2.2 . Créer au niveau de chaque province du Congo, des « Sociétés de Développement Agricole Intégré » (SDAI). Ces sociétés seront des entreprises publiques dotées d'une autonomie administrative et financière; et placées sous la tutelle du ministère de l'Agriculture et Développement Rurale. L'idée maîtresse ici est que: Chaque SDAI s'occupe de tous les aspects du développement agricole au sein d'une province, en essayant d'optimiser l'exploitation des ressources agricoles dont chaque province jouit d'un avantage comparé et/ou est naturellement pourvue par rapport à d'autres provinces du Congo. Ainsi, les projets au sein du SDAI pourront être classés de A à Z ; A étant la ressource la plus abondante dans la province, et Z la ressource la moins abondante. Cette idée pourra se conceptualiser comme suit:

Fig.3. Sociétés de Développement Agricole Intègre (SDAI)

 

Source: Litofe Sloj Silika, Ethnicity & Modern Economic Growth in Zaire, These de Doctorat , Political Economy & Public Policy, University of Southern California , June 2, 2000 , Ch.5.

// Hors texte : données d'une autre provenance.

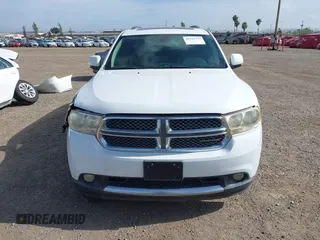 2013 Dodge Durango Crew with VIN 1C4SDHDT2DC679600, listed as a IAAI auction lot 42215737 with 128,499 mi miles and . Bid and sale history available at DreamBid. Image 12.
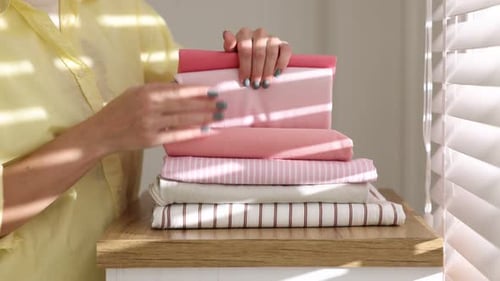 Woman with stack of clothes indoors, closeup
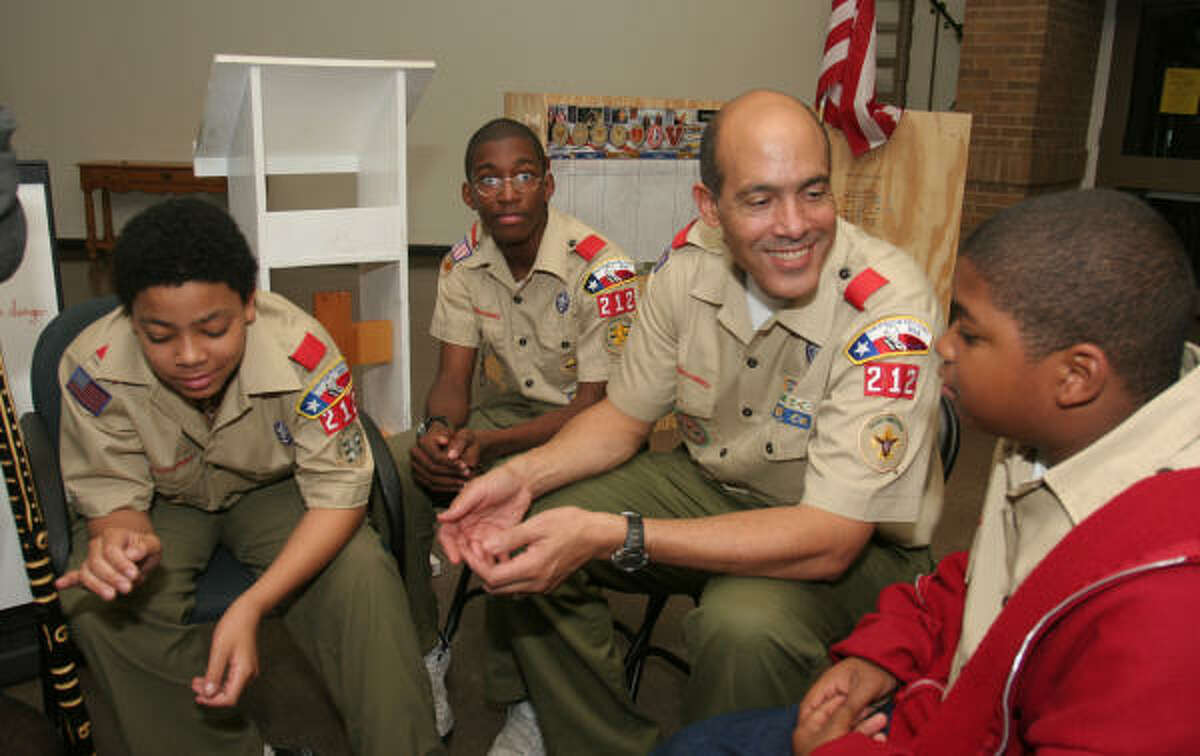 Troop 212 members Mathew Jellins, left, Alexander Denard, Scoutmaster Lionel Jellins and Ashton Ethridge discuss first aid during a meeting at St. James Episcopal Church at 3129 Southmore.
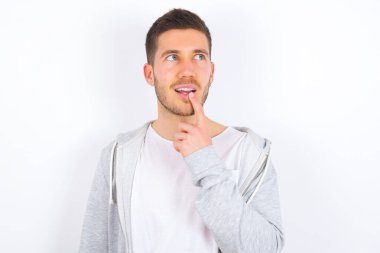 Beyaz arka plan üzerine günlük giysiler giymiş genç beyaz bir adam düşünceli bir ifadeyle kameraya bakıyor, elini yüzüne yaklaştırıyor, parmağını ısırıyor hoş bir şey düşünüyor..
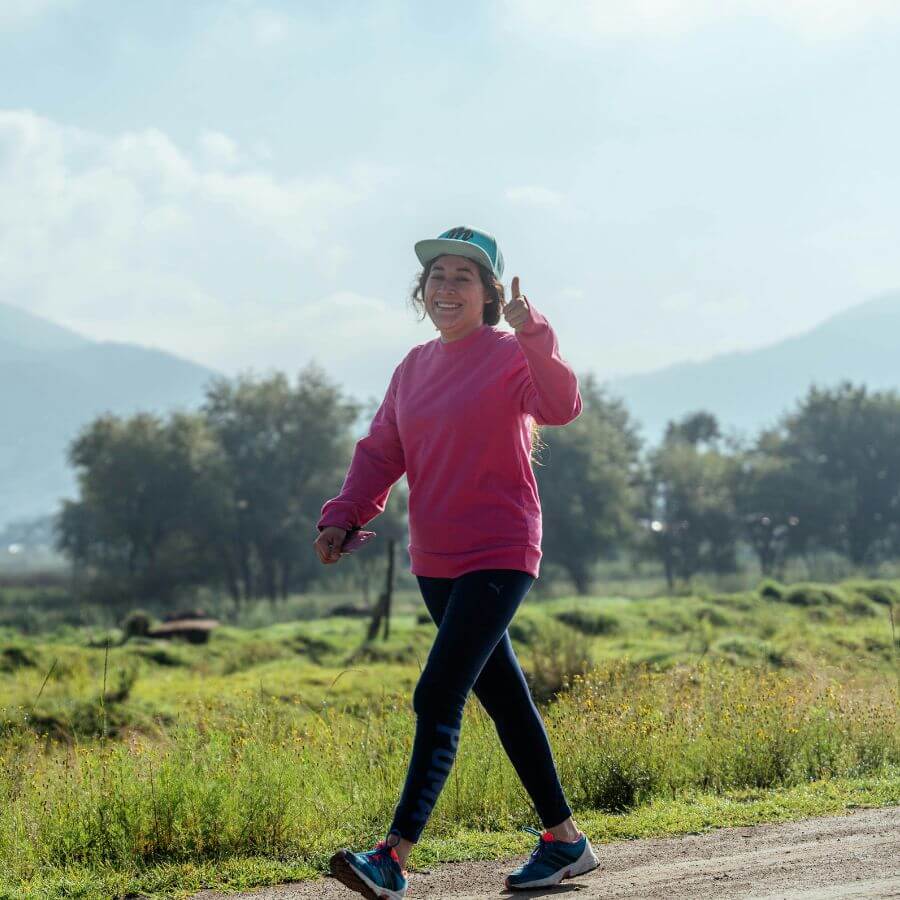 Woman over 40 doing brisk walking for low-impact cardio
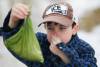JOHN WOODS / WINNIPEG FREE PRESS Jake Hultin carries a bag of his puppy Mauiճ poop as they go for a walk Tuesday, March 22, 2022. Nine year old Hutlin wrote a letter to the city after he noticed that Charleswood is lacking garbage cans for him to drop his doggie bags and litter while out for a walk. Hutlin is asking the city to put out more garbage cans. Re: Joyanne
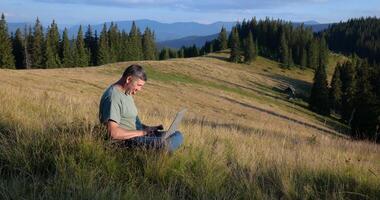 un' uomo si siede su un' bellissimo prato nel il montagne, lavori su un' il computer portatile. concetto di libero professionista, digitale nomade o a distanza ufficio. video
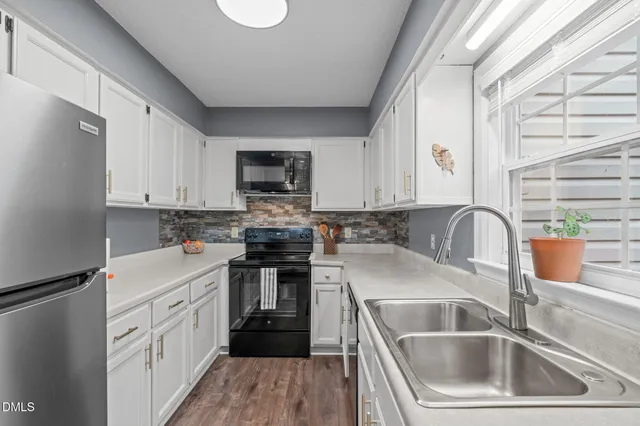 a kitchen with a sink cabinets a counter top space and stainless steel appliances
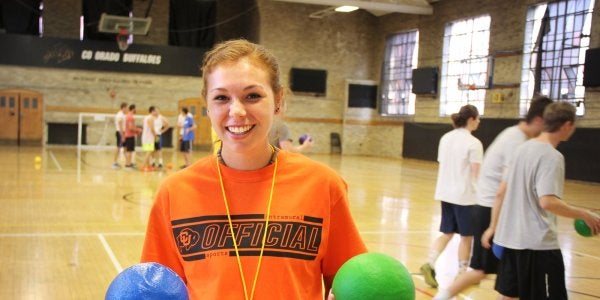 smiling woman holding dodgeballs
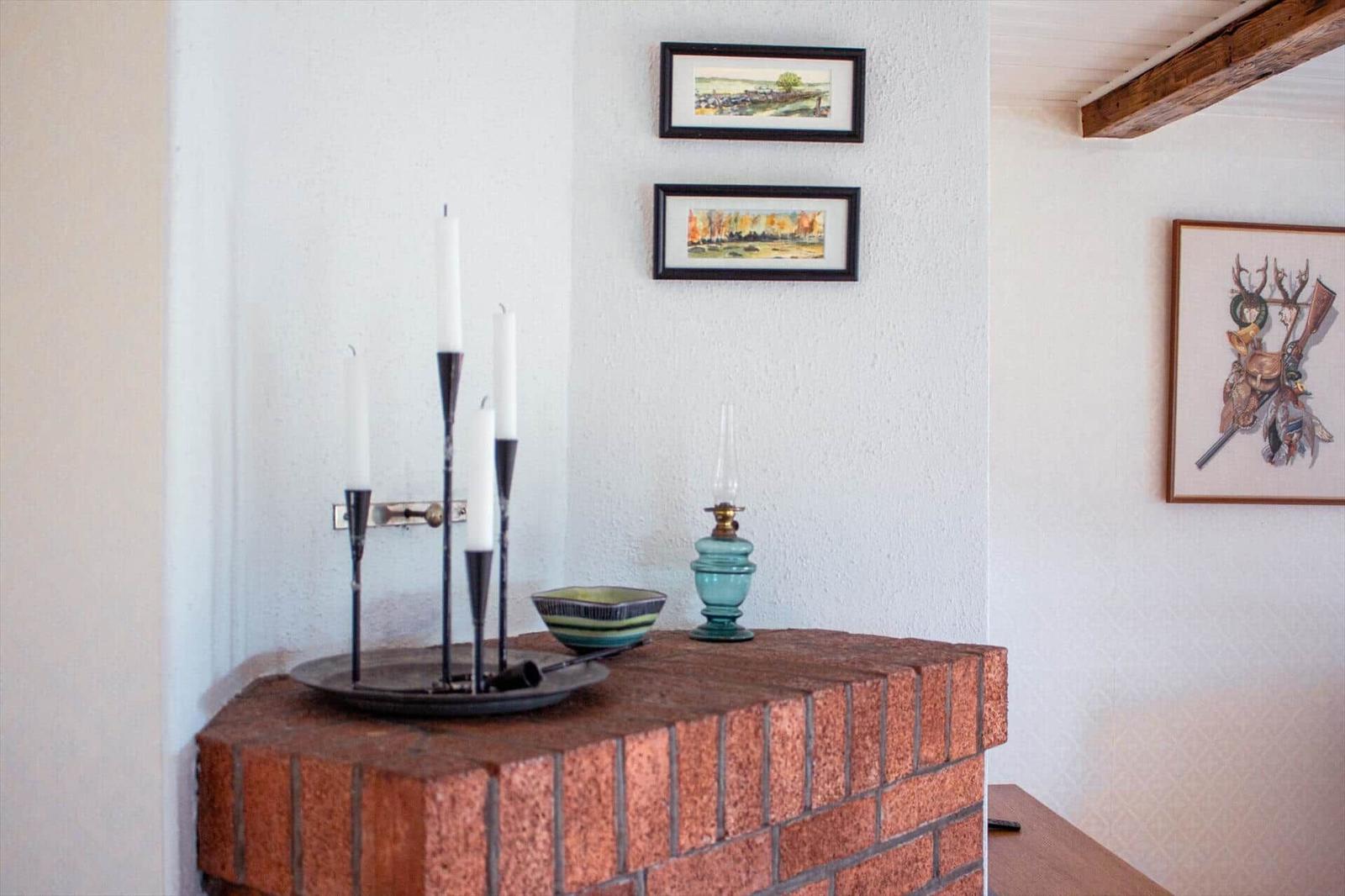 Kamin mit Kerzenhalter, Öllampe und Schale. Wandbilder und Holzbalken sichtbar.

En effet, Fig.1 ci-haut montre que les per capita output des denrées de premières nécessite telles: Le riz, le mais, le manioc, et voire la bière, n'ont jamais atteint leur seuil de production d'avant l'indépendance. Par exemple, le per capita output du riz (i.e. 879.8) en 1990, n'a jamais rapproché son seuil 1955 (i.e. 1455.4), une décroissance de 40% dans trente ans; Le per capita output du mais (i.e. 2181.9) n'a jamais atteint son seuil de 1950 (i.e. 2765.9), une réduction de 21% en quarante ans; Le per capita output de manioc (i.e. 45465.4) n'a jamais atteint son seuil de 1955 (i.e. 55130.8), une décroissance de 18% dans trente ans; Et le per capita output de la bière (i.e. 11457.3) n'a jamais rapproché son seuil de 1960 (i.e. 88584.4), une décroissance de 87% sur trente ans.

Le même pattern s'observe aussi en ce qui concerne les per capita output des produits d'exportation. Fig.2 montre par exemple que le per capita output du coton en 1990 (i.e. 69.5) n'a jamais atteint son peak seuil de 1950 (i.e. 361.1), une décroissance de 81% sur quarante ans; Le per capita output de caoutchouc en 1990 (i.e. 50.8) n'a jamais été proche de son peak seuil de 1960 (i.e. 234.7), une décroissance de 78% en trente ans. Seule, le per capita output du café montre un petit accroissement. Le per capita output de café est passé de 352.18 en 1960 a 364.7 en 1990, une croissance de 3.6 % dans trente ans.